Construction began in 1834 and was not finished until 1836. Large parts of the castle moat from the founding time were filled in.
The head forester moved to the ground floor of the castle, while the upper floor was reserved for "high and highest".
During this time the castle got its current appearance. In 1844 and 1845 the king lived here during a hunting stay, later also hunting guests of the king and Crown Prince Wilhelm, later Kaiser Wilhelm II (* 1859, reigned 1888-1918, +1941).
After the fall of the Wall, in the early 1990s, the Association of Nature and Home Friends eV had the castle completely renovated with its own funds and funds from the Upswing East Fund . Thereby u. a. the interiors were restored to their previous size and the building has been used as the Schorfheide Museum ever since. In September 2006, on behalf of the community of Schorfheide, extensive maintenance work began on the half-timbered barn so that it could be used for exhibition purposes. Pencil drawings etc. were found on several wooden structures. a. The forest apprentice Wendeborn was immortalized here, who died on September 14, 1891 while straightening the roof structure.
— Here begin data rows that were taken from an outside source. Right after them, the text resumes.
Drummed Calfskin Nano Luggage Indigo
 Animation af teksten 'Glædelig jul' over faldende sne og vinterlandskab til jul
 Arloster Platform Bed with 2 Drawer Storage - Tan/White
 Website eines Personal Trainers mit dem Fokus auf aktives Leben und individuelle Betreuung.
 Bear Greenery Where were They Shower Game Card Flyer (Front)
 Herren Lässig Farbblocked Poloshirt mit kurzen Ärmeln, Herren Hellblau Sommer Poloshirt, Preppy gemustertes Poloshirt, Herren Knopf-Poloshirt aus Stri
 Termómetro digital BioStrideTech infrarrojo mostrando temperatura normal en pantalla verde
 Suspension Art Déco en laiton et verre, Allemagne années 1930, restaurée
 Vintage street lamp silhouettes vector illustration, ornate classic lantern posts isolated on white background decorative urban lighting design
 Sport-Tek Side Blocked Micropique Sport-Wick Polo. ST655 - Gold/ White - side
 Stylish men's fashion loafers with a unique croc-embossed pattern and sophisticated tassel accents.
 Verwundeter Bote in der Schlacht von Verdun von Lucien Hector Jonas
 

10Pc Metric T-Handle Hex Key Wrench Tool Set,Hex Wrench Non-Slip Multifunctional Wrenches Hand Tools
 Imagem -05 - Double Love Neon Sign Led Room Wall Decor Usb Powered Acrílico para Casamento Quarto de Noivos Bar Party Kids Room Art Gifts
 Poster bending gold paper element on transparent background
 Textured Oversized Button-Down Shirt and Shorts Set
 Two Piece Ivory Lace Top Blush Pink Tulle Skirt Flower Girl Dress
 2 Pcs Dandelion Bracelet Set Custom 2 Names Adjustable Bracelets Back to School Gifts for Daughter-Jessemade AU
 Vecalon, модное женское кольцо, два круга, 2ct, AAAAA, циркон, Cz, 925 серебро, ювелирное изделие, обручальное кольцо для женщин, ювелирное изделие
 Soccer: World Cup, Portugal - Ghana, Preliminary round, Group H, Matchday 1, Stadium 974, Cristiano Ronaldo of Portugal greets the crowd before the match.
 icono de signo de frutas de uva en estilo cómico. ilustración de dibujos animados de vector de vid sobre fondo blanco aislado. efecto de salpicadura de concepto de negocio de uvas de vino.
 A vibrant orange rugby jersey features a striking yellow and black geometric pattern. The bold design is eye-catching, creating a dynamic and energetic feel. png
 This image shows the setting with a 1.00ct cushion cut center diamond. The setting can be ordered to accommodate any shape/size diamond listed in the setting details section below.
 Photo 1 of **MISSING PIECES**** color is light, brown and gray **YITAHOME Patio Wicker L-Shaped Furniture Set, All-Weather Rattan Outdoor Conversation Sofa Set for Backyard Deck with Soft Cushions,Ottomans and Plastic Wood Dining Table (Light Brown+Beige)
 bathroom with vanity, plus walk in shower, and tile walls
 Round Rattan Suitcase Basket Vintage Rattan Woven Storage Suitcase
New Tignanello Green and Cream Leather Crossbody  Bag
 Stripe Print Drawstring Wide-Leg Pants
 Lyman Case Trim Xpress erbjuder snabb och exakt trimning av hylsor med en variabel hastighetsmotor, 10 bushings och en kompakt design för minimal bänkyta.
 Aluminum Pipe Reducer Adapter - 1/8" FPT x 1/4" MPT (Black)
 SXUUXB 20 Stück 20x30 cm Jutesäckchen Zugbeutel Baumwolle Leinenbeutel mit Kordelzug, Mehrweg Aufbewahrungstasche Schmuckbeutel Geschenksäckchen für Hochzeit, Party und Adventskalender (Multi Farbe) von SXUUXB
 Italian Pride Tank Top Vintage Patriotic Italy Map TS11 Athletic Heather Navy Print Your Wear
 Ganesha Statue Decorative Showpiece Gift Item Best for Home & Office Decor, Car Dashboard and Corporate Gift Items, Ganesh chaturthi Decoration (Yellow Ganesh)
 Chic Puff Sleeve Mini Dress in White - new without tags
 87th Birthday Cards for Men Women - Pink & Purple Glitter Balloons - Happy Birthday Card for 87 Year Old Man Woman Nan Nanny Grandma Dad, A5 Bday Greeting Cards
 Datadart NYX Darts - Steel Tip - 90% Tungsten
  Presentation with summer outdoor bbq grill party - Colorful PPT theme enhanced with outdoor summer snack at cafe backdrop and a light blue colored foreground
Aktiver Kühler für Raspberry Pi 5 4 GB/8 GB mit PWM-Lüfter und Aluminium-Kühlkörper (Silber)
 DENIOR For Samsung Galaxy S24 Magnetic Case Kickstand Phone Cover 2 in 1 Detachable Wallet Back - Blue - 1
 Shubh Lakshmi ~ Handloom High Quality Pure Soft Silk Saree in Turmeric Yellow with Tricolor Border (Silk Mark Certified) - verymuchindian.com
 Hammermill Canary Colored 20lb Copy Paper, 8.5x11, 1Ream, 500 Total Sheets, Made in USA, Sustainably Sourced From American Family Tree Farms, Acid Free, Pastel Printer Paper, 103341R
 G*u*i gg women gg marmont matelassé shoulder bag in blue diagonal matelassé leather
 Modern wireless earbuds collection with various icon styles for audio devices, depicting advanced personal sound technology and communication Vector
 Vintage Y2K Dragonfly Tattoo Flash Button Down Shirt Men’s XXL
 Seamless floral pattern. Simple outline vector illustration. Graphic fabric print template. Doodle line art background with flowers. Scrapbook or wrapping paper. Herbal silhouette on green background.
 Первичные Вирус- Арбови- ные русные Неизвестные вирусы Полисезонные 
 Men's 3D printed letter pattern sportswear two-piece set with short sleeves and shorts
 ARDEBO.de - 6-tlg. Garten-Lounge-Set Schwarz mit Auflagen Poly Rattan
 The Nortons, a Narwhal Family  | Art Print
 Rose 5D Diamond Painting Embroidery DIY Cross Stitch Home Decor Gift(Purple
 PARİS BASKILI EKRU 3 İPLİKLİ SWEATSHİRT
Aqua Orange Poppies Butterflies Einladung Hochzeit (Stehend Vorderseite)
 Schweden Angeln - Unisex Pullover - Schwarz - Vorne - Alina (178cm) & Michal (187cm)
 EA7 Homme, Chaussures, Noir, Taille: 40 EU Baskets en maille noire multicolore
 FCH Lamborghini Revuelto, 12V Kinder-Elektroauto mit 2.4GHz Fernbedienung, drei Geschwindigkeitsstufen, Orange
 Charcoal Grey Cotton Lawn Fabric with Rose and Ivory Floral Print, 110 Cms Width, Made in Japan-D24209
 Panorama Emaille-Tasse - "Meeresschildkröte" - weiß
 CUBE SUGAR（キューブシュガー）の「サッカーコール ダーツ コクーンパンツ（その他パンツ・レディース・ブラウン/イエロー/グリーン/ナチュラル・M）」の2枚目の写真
Today the hunting lodge houses a special exhibition on the hunter and boxer Max Schmeling , as well as exhibits from his history, as well as the Schorfheide tourist information center and the permanent exhibition “Hunting and Power” in the outbuilding.
- Georg Dehio et al .: Handbook of German Art Monuments. The districts of Cottbus and Frankfurt / Oder. Berlin, Akademie-Verlag 1987, ISBN 3-05-000363-4 , p. 157.
- Georg Piltz ; Peter Garbe: Palaces and gardens in the Mark Brandenburg. Seemann, Leipzig 1987, ISBN 3-363-00063-4 , pp. 90, 197.
- Archives of the hunting lodge Groß Schönebeck and the Museumsverein eV
- Suter, Helmut: Hunting and Power: The History of the Schorfheide Hunting Area , Berlin 2011, ISBN 3898090906 .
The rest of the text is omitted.